Saturday, August 22, 2009

Baked Fresh Fettuccine with Spinach

This recipe is adapted from the same cookbook, The New Complete Book of Pasta, by Maria Luisa and Jack Denton Scott, that I got the pasta recipe I posted earlier from. My recipe has been tweaked in several areas.

Baked Fresh Fettuccine with Spinach Serves 4
Ingredients:
3/4 lb to 1 lb Pasta (depending how much sauce you like - this is not a super saucy dish, it's supposed to just coat each strand). You can substitute store fettuccine - not as good, but is a whole lot faster to use.
1 Pound spinach (to be honest, we use 10 oz. because that's the size of the bag that we use. I think it'd be great with the whole amount, though)
1 large white onion
1 garlic clove, minced
4-8 slices bacon, diced (Whatever amount makes you feel yummy, but still pretend healthy)
1 tsp butter (If you like your fats a lot, you can use more here.)
1 tsp olive oil
2 Tbs flour
1 and 1/2 C. light cream
Juice of one lemon - about 1/4 -1/3 of a cup (You can use the bottled stuff, but the fresh does taste better - it's more potent somehow.)
1 tsp. salt
liberal black pepper to taste
4 Tbs. Parmesan Cheese

Directions:
1.Make fresh pasta and cut into fettuccine and dry.
2. Cook spinach without any water in a covered pan until soft (check often)Spinach before cooking.
The same spinach after.

Let the spinach cool, then drain out all the liquid (by standing over the sink and squeezing it, is our method) and chop finely.

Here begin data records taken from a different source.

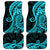 Polynesia Paisley Car Mats Polynesian With Tropical Flowers - Turquoise LT14 Turquoise - Polynesian Pride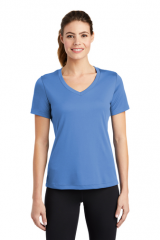 Sport-Tek® Ladies PosiCharge® Competitor™ V-Neck Tee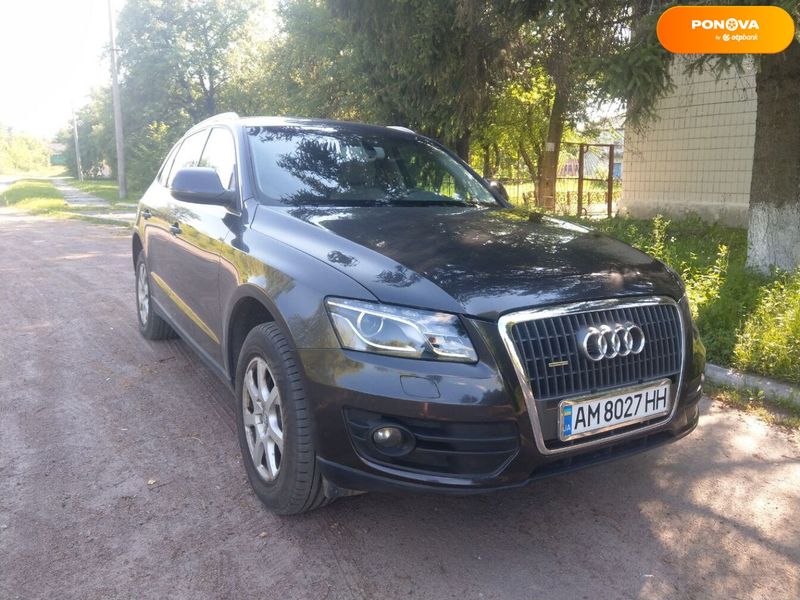 Audi Q5, 2011, Дизель, 2 л., 264 тыс. км, Внедорожник / Кроссовер, Чорный, Львов 109567 фото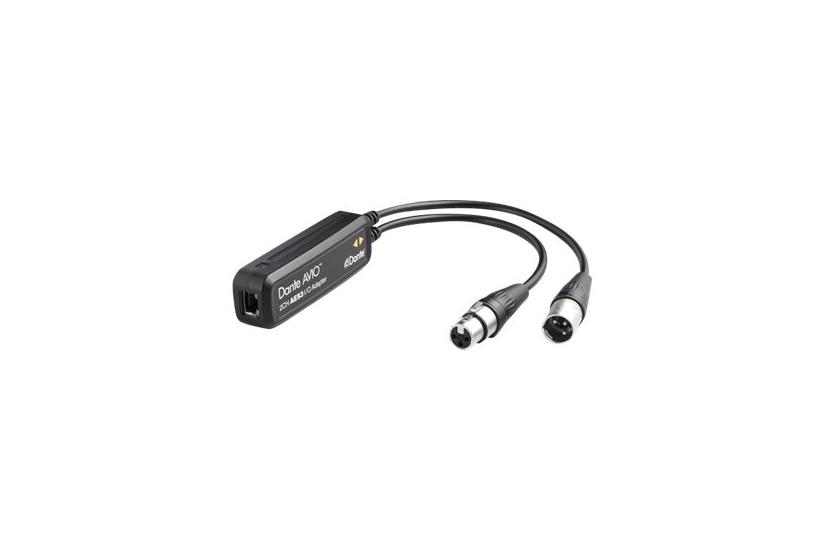 Audinate Dante AVIO 2Ch AES3 I/O Adapter Dante til AES3-bro IT og elektronik > TV/Hi-Fi > Højttaler > Montering og beslag > Stativer til Audio og Video Udstyr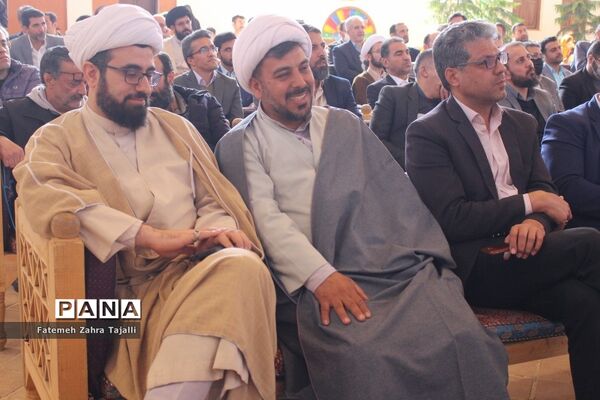 مراسم گرامیداشت هفته امور تربیتی و تربیت اسلامی استان سمنان-1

3.Finely dice onion, bacon and mince the garlic. Saute over medium heat in the butter and oil until soft. Drain out any bacon fat, if desired. Add the flour and blend it in, then let cook for about 30 seconds. Slowly whisk in the cream, until the sauce is smooth.

4. Blend in the spinach and lemon juice and season with salt and pepper.

5.Meanwhile have water boiling, in the largest pot you own. Cook the noodles less then al dente, which for fresh noodles is 1 to 2 minutes only. For store bought noodles cook until almost done.

6.Drain, put in large hot oven proof bowl.
Toss with spinach sauce.

7. Sprinkle the 4 Tbs. Parmesan cheese over the top. Bake at 375 Degrees for 10 minutes.
You can also skip the baking step, if it's summertime and there is no way you'll turn your oven on. In that case, cook the noodles until they're done.

Notes:
The original recipe used Pancetta instead of bacon, 1 1/2 pounds of Fettuccine (the whole fresh pasta recipe), 2 Tbs. butter and 2 Tbs. Olive Oil, and 2 pounds of spinach. If you want to make it really authentically, then by all means, please do so. I cut the pasta, because American tastes usually prefer a saucier dish than Italian ones, in my experience.

We love this dish. It has just the right amount of lemon zing with creamy, spinach undertones. (Now I'm going to start describing the bouquet, like it's a fancy wine). Also, especially if you use store pasta, it's really not a difficult dinner to bring together. We eat this with a salad, and it makes a complete meal. This reheats well the next day, but I often add some extra (reconstituted in a bottle) Lemon juice, because somehow the reheating makes it lose it lemony goodness. The recipe is best when made with Fresh Pasta, and Baked, but the fact we love it even half followed says something.

2 comments:

Heidi Davies said...

I love putting bacon in my fettucine dishes, but I've never been happy with the way the bacon crumbles into the sauce. I've never thought of choopping the bacon before it's cooked, I've just always crumbled it after it cooks. I'm going to have to try it this way next time. Thanks for the idea.

woolspinner said...

Very yummy recipe, Thora! Thank you for not giving up on us.